**Provided data**
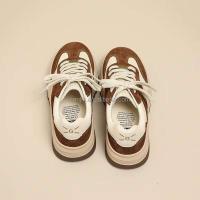 Nuevas zapatillas de deporte blancas puras con aumento de altura para mujer, zapatos de Skate de cuero de vaca Real de alta calidad con clase, informales para niñas, marca - details 7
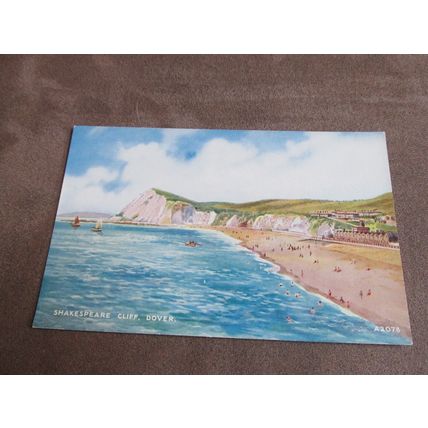 Valentines Postcard - Shakespeare Cliff, Dover Kent - Artist E.W Trick / A2078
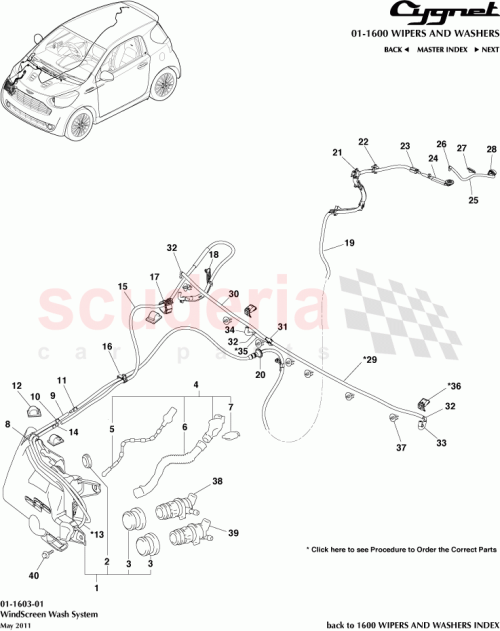 Part Diagram for Aston Martin 90119-W0089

**Work task**
Please transcribe the listing above verbatim and exclude every picture.

**Answer to the exercise**
 Nuevas zapatillas de deporte blancas puras con aumento de altura para mujer, zapatos de Skate de cuero de vaca Real de alta calidad con clase, informales para niñas, marca - details 7
 Valentines Postcard - Shakespeare Cliff, Dover Kent - Artist E.W Trick / A2078
 Part Diagram for Aston Martin 90119-W0089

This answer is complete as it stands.